Rachel Arfa, the first deaf commissioner of MOPD, tested the technology the previous season as the software was refined at Lyric. “The SoundShirt gave me access to the sound of the performance in a way I have never experienced before, and it honestly made my experience at Lyric even more richly satisfying,” she says.

Up to eight microphones are linked to various parts of the stage or orchestra to transmit sound frequencies through a digital music capture system. Software connects the audio produced to 28 actuators embedded in the fabric of the shirt, such as low tones of percussion going to a person’s back and higher tones of strings or trumpets causing sensation in the arms, all in real time.

The woven fabric is OEKO-TEX® certified, and the shirts come with a lifetime warranty in case they need repair.
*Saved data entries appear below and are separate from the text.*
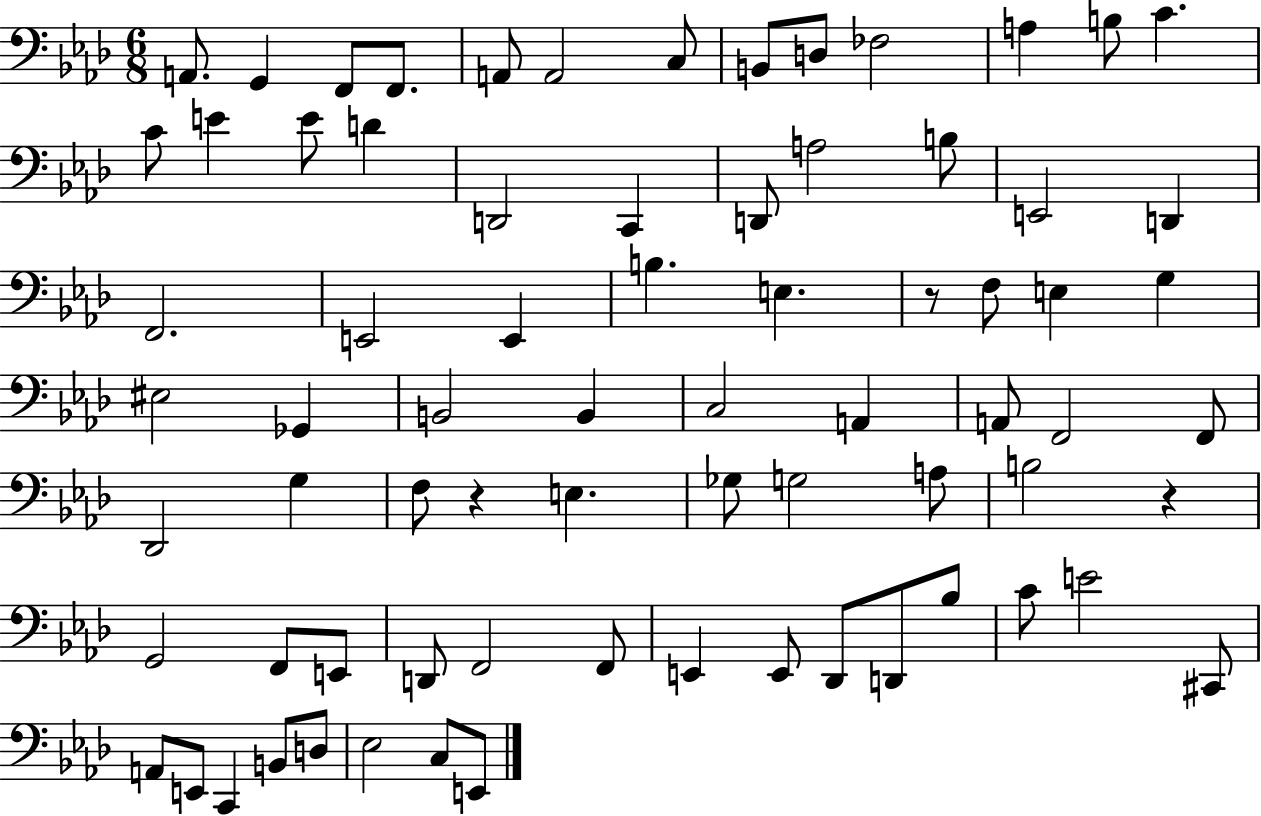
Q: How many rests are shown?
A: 3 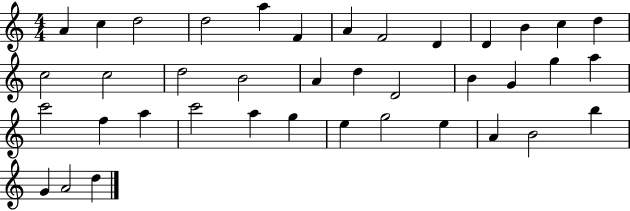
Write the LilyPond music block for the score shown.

{
  \clef treble
  \numericTimeSignature
  \time 4/4
  \key c \major
  a'4 c''4 d''2 | d''2 a''4 f'4 | a'4 f'2 d'4 | d'4 b'4 c''4 d''4 | \break c''2 c''2 | d''2 b'2 | a'4 d''4 d'2 | b'4 g'4 g''4 a''4 | \break c'''2 f''4 a''4 | c'''2 a''4 g''4 | e''4 g''2 e''4 | a'4 b'2 b''4 | \break g'4 a'2 d''4 | \bar "|."
} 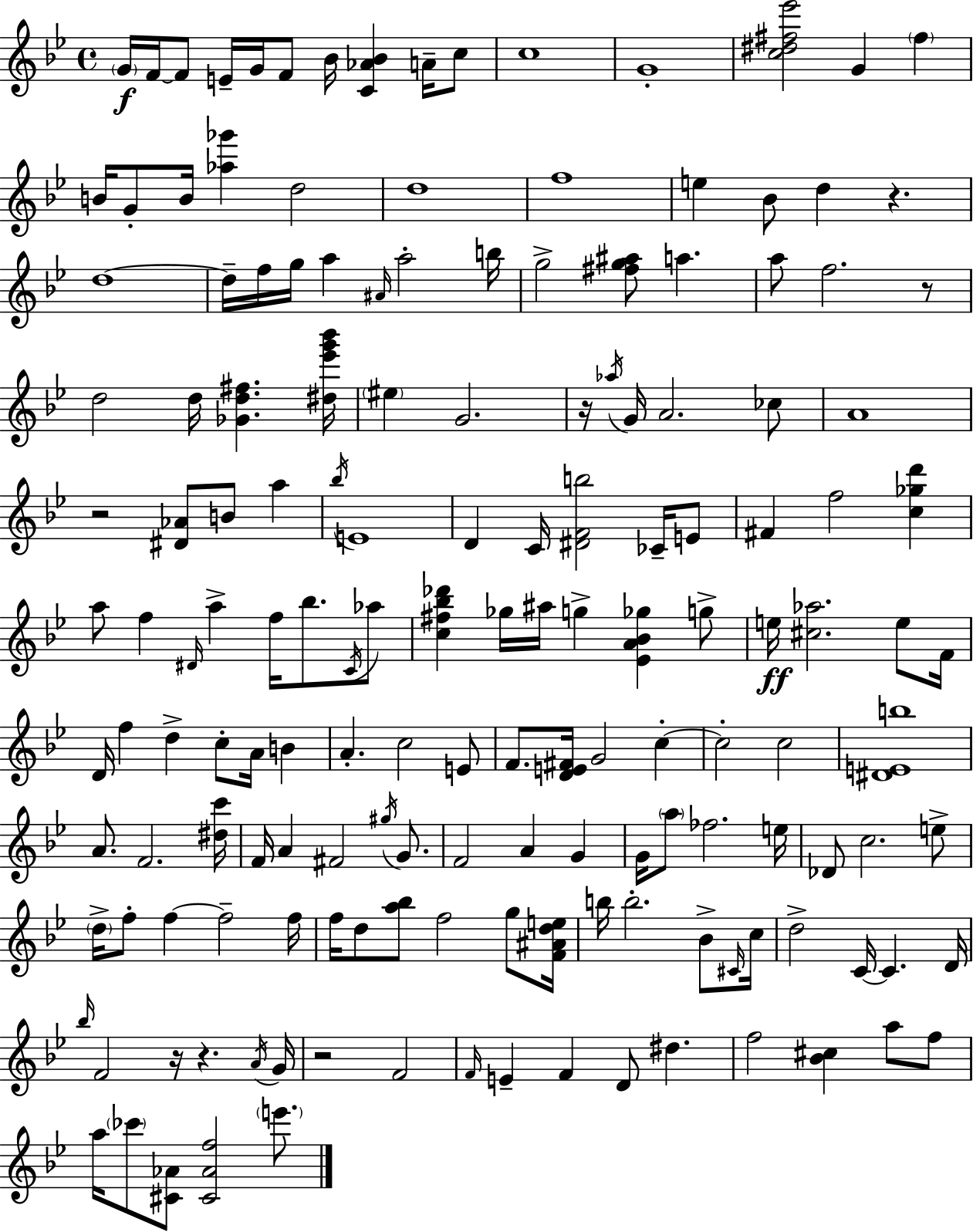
G4/s F4/s F4/e E4/s G4/s F4/e Bb4/s [C4,Ab4,Bb4]/q A4/s C5/e C5/w G4/w [C5,D#5,F#5,Eb6]/h G4/q F#5/q B4/s G4/e B4/s [Ab5,Gb6]/q D5/h D5/w F5/w E5/q Bb4/e D5/q R/q. D5/w D5/s F5/s G5/s A5/q A#4/s A5/h B5/s G5/h [F#5,G5,A#5]/e A5/q. A5/e F5/h. R/e D5/h D5/s [Gb4,D5,F#5]/q. [D#5,Eb6,G6,Bb6]/s EIS5/q G4/h. R/s Ab5/s G4/s A4/h. CES5/e A4/w R/h [D#4,Ab4]/e B4/e A5/q Bb5/s E4/w D4/q C4/s [D#4,F4,B5]/h CES4/s E4/e F#4/q F5/h [C5,Gb5,D6]/q A5/e F5/q D#4/s A5/q F5/s Bb5/e. C4/s Ab5/e [C5,F#5,Bb5,Db6]/q Gb5/s A#5/s G5/q [Eb4,A4,Bb4,Gb5]/q G5/e E5/s [C#5,Ab5]/h. E5/e F4/s D4/s F5/q D5/q C5/e A4/s B4/q A4/q. C5/h E4/e F4/e. [D4,E4,F#4]/s G4/h C5/q C5/h C5/h [D#4,E4,B5]/w A4/e. F4/h. [D#5,C6]/s F4/s A4/q F#4/h G#5/s G4/e. F4/h A4/q G4/q G4/s A5/e FES5/h. E5/s Db4/e C5/h. E5/e D5/s F5/e F5/q F5/h F5/s F5/s D5/e [A5,Bb5]/e F5/h G5/e [F4,A#4,D5,E5]/s B5/s B5/h. Bb4/e C#4/s C5/s D5/h C4/s C4/q. D4/s Bb5/s F4/h R/s R/q. A4/s G4/s R/h F4/h F4/s E4/q F4/q D4/e D#5/q. F5/h [Bb4,C#5]/q A5/e F5/e A5/s CES6/e [C#4,Ab4]/e [C#4,Ab4,F5]/h E6/e.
They have heat-bonded construction and can be returned to the company for recycling.

The SoundShirt was conceived for use with a symphony orchestra, but it also could be used for an immersive video-gaming experience and interactive artwork installations. It was recently sported by fans at a U.K. soccer match, connecting them to the crowd noise.

CuteCircuit was founded in 2004 and holds a number of patents in wearable technology. Its designs also include clothing that changes color or is illuminated, including the Galaxy Dress, commissioned by the Museum of Science and Industry in Chicago, that is embroidered with 24,000 color LEDs. The SoundShirt debuted in 2016, derived from its HugShirt, which was developed in 2002. The SoundShirt has been winning awards since, including making the list of the 100 best inventions of 2020 by Time magazine.

The theater reported that the number of shirts used increased with every performance and it is expanding the mix of sizes for the next season.